#1 bestselling author Stephen King returns with a brand-new novel about the secrets we keep buried and the cost of unearthing them.
The son of a struggling single mother, Jamie Conklin just wants an ordinary childhood. But Jamie is no ordinary child. Born with an unnatural ability his mom urges him to keep secret, Jamie can see what no one else can see and learn what no one else can learn. But the cost of using this ability is higher than Jamie can imagine – as he discovers when an NYPD detective draws him into the pursuit of a killer who has threatened to strike from beyond the grave.
Later is Stephen King at his finest, a terrifying and touching story of innocence lost and the trials that test our sense of right and wrong. With echoes of King’s classic novel IT, Later is a powerful, haunting, unforgettable exploration of what it takes to stand up to evil in all the faces it wears.
Stephen King. What is there to really say about his work? He is a prolific writer who has done more for the horror genre than most anyone else. He has fans, followers and those who only read his works. He has legions of devout fans that eat up every word he writes and can see no wrong. And then you have the rest of us.
I enjoy Later, his third novel for the Hard Case Crime imprint (and those three books affords HCC to really put out some great pulp fiction reprints by Lawrence Block, Donald Westlake, Max Allen Collins, and new originals that might not find publication elsewhere). The story is about Jamie Conklin and his growing up seeing dead people. This ability is exploited by those who know about it, and the novel does become part mystery and part horror. The King hallmarks are all here. The kid befriends an elderly gentleman, the pop culture references are older than the characters, and some of the turns at humor are just bad. But compared to his last few books, Later feels like he is enjoying the writing. There have been a few of his books and stories lately that feel like he is mailing it in, giving the fans something to read but nothing that will increase his legacy. He has not written anything very memorable in a decade (I’m using 11/22/63 as really his last standout work), but Later seems to be on the right track.

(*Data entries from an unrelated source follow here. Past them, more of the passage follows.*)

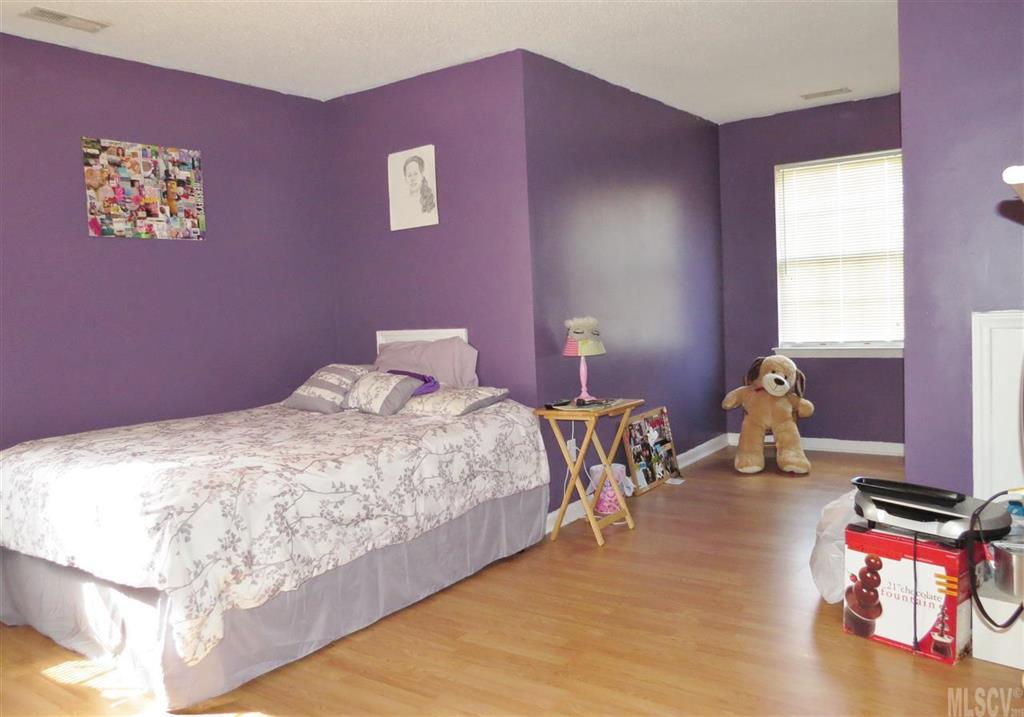 Salem Meadows - Residential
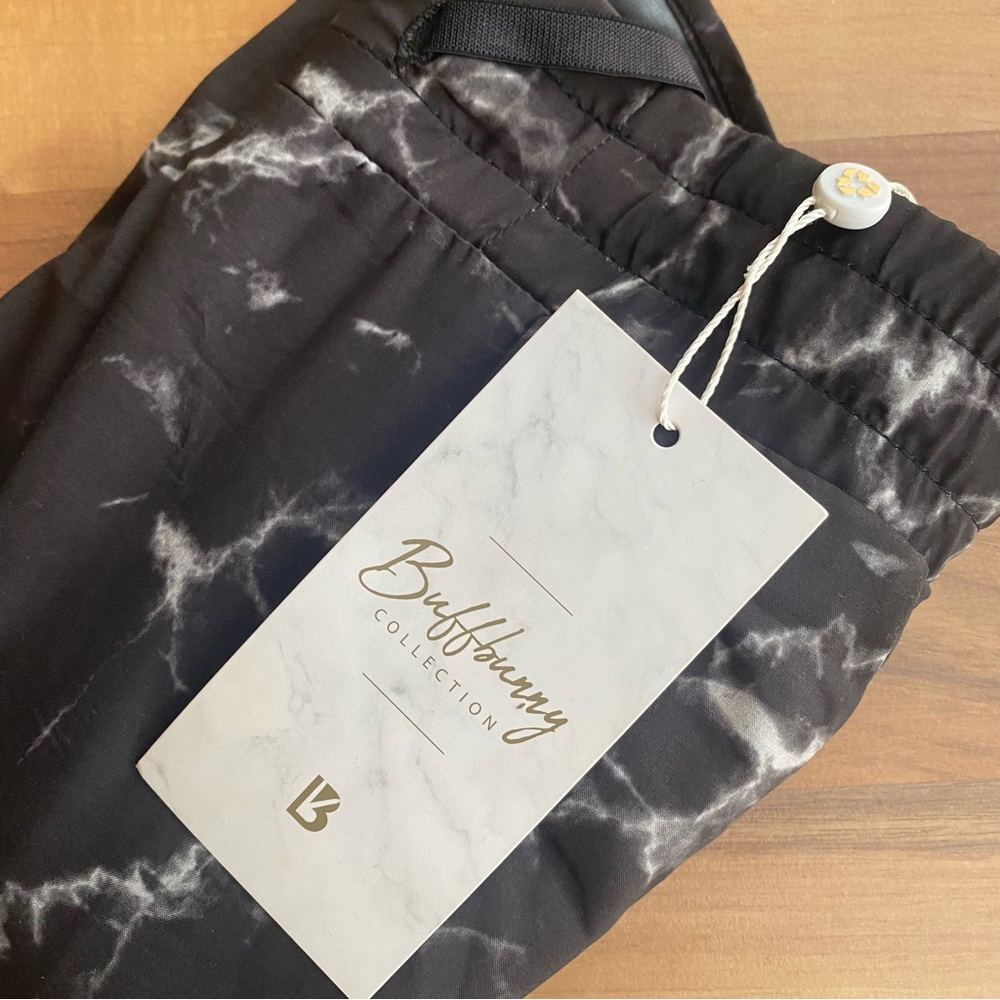 BUFFBUNNY Black Marble Flow Shorts NWT Small - Picture 9 of 9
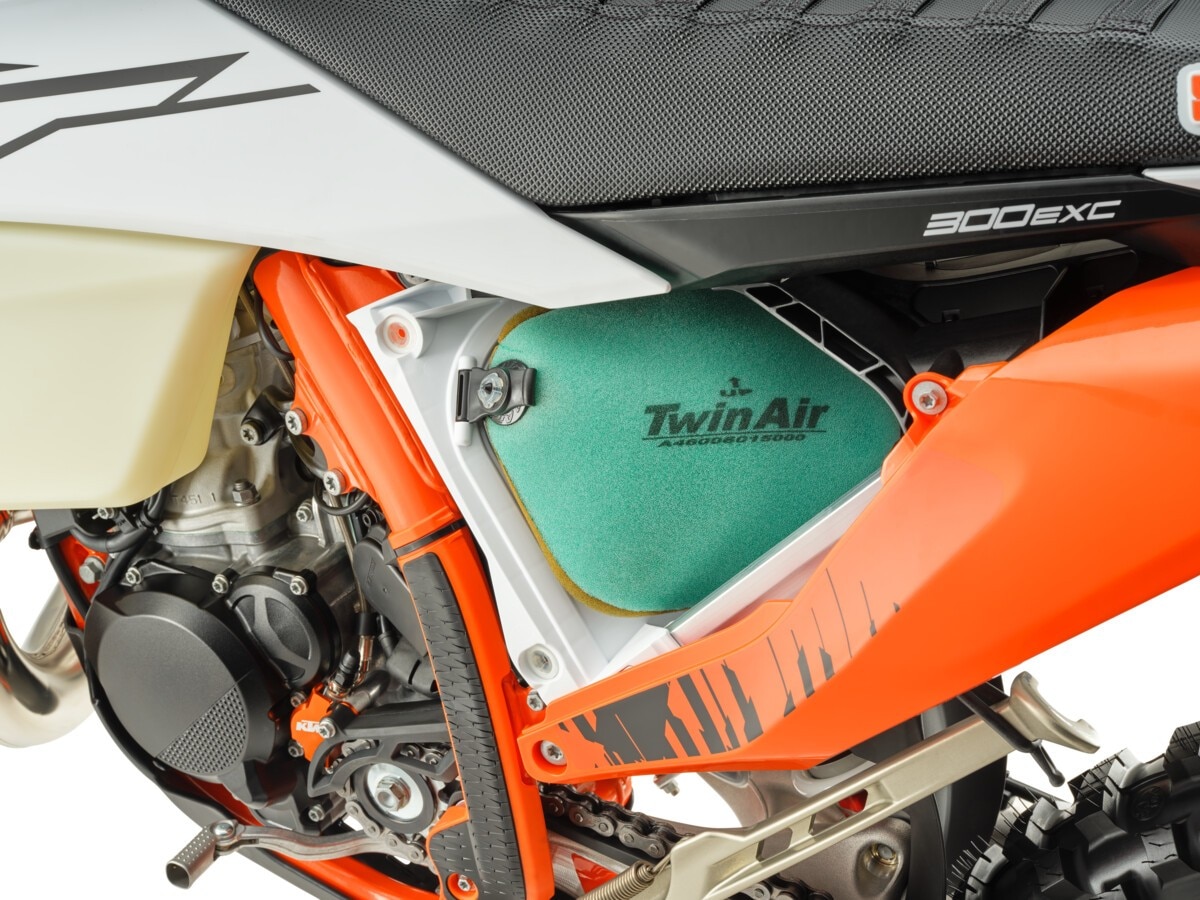 Nuova KTM 300 EXC Hardenduro 2026: regina dell’estremo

He uses a shorter form (or typical novel length) to really tell a great story.
The book reads fast, and it is easy to get sucked into the plot. Jamie is a typical King kid so you want to root for him, especially since he is surrounded by people who want to use his powers for their own gains. He does whatever he can to make the grownups like him because he wants them to be proud of him or he does not want to get hurt.
There is something to be said about this type of horror, the type that King writes. There is a fear in people hurting and exploiting kids. He has repeated this device in the last few books (Outsider, The Institute, “Mr. Harrigan’s Phone”) and it makes sense because the scariest thing for most of his fans, who are now old enough to have kids, is to threaten harm against them. This is why we get so stuck in this book. Jamie is only six when he starts to notice the dead people, and from then until his late teens (when we are not as frightened because kids can theoretically start to defend themselves) people use his powers for their own advantages. We do not want anything harmful to happen to him, but we can also see, as adults, that the adults around him are up to no good. This makes Later an affective story. King knows that we want the kid to be safe so he puts the kid in peril.
Compared to his last few books, I enjoy this one much more. There are still flaws and Kingisms that I find irritating (like the final reveal in the last few pages is not needed and nonsense), but as a whole, this is a solid book that I will recommend before some of his other current works.